Stored data

┄┄┄┄┄┄┄┄┄┄

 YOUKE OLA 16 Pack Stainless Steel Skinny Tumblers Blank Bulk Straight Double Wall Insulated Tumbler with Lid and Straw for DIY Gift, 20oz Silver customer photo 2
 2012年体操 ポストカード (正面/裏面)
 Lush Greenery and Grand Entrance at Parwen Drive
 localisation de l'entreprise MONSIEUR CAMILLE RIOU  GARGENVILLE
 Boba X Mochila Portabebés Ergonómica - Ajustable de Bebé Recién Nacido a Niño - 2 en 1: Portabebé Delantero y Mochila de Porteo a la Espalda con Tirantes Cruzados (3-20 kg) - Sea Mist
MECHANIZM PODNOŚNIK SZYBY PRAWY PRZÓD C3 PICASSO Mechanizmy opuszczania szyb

┄┄┄┄┄┄┄┄┄┄

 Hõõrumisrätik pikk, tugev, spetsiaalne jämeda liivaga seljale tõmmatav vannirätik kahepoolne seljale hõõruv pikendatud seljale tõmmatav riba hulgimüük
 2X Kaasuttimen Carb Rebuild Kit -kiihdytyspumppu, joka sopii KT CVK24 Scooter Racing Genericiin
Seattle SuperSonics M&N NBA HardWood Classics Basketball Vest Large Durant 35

┄┄┄┄┄┄┄┄┄┄

Above are records; repeat only the lines starting at the line with "YOUKE OLA 16" and ending at the line with "MECHANIZM PODNOŚNIK SZYBY", exactly as they appear, both included.

Solution
 YOUKE OLA 16 Pack Stainless Steel Skinny Tumblers Blank Bulk Straight Double Wall Insulated Tumbler with Lid and Straw for DIY Gift, 20oz Silver customer photo 2
 2012年体操 ポストカード (正面/裏面)
 Lush Greenery and Grand Entrance at Parwen Drive
 localisation de l'entreprise MONSIEUR CAMILLE RIOU  GARGENVILLE
 Boba X Mochila Portabebés Ergonómica - Ajustable de Bebé Recién Nacido a Niño - 2 en 1: Portabebé Delantero y Mochila de Porteo a la Espalda con Tirantes Cruzados (3-20 kg) - Sea Mist
MECHANIZM PODNOŚNIK SZYBY PRAWY PRZÓD C3 PICASSO Mechanizmy opuszczania szyb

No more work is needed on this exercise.